The reigning Pope of 1-bit mystery games is back with a Halloween treat: a haunted house game you can play in your browser

2 weeks ago 60
Moida Mansion LCD game by Lucas Pope
(Image credit: Lucas Pope)

Lucas Pope, developer of instant classics Return of the Obra Dinn and Papers, Please, may have just made the first LCD game in… decades? Well, except for the other LCD game he made last year to celebrate Papers, Please's 10th anniversary. With two of these things under his belt I'm ready to crown Pope the leading authority on modern browser games designed to replicate toys that ran on 40-year-old 4-bit microcontrollers.

If you grew up in the '80s or '90s, you know the type: cheap "electronic games" like Nintendo's Game & Watch series, or Tiger handheld adaptations of movies like Batman and Robin and The Terminator. Instead of addressable pixels, these liquid crystal displays merely lit up pre-drawn segments of artwork to create the illusion of movement, paired with shrill beeps and boops that barely passed for sound effects. Most of them were terrible!

Anyway, Lucas Pope made one of those as a Halloween surprise, and you can play it for free in your browser right now. Thankfully it is not terrible! Like all of Pope's games, including this year's Playdate treat Mars After Midnight, "electronic liquid crystal game" Moida Mansion does a lot with a little, turning a few very simple button inputs into a surprisingly clever little riff on escape rooms.

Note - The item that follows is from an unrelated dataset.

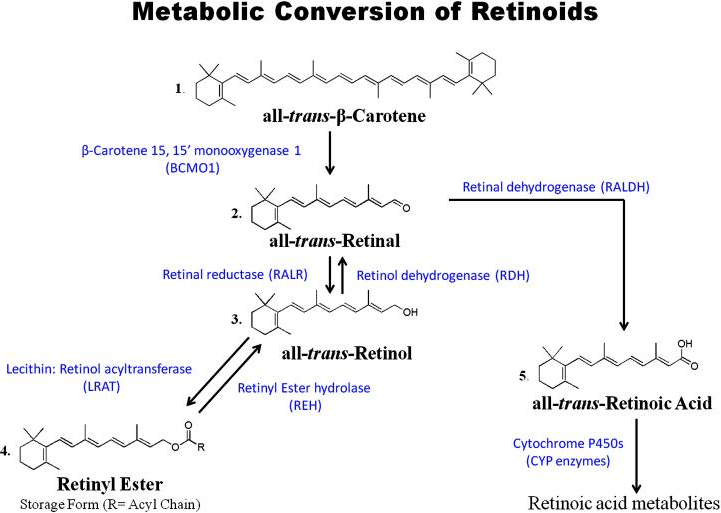 A Deeper Look Inside: Retinol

Your friends have gone into Moida Mansion (a place where, reportedly, moida happens) looking for their pet turtle and gone and gotten themselves locked into wardrobes, chests, and secret rooms by a monster. You've got to go from room to room looking for them; tapping a search button lets you cycle through objects in the room to search, which occasionally reveals something useful like a key, a secret code, or a trap door. Searching also draws the attention of the monster, so you've got to scurry off to another room after each attempt.

There's not much challenge to Moida Mansion—as soon as you realize you have to run two or three rooms away from the monster between each search you're not going to die. But the mansion's layout is randomized each time you play, and trying to find clues in each room ends up feeling like a fun 1-bit version of an escape room, only with a lot more beeping (the sound effects are period-appropriately grating after a while). I escaped a couple times and was impressed by the variety of puzzle interactions given the simplistic controls. On my second run I had to collect all my friends and then find four small buttons scattered around the mansion, leaving one friend in each location to press them simultaneously, to rescue our poor runaway turtle. Finding a code to open a locked chest required following a ghost's footsteps through multiple rooms until it led me to a bed where someone had hidden the code in the sheets.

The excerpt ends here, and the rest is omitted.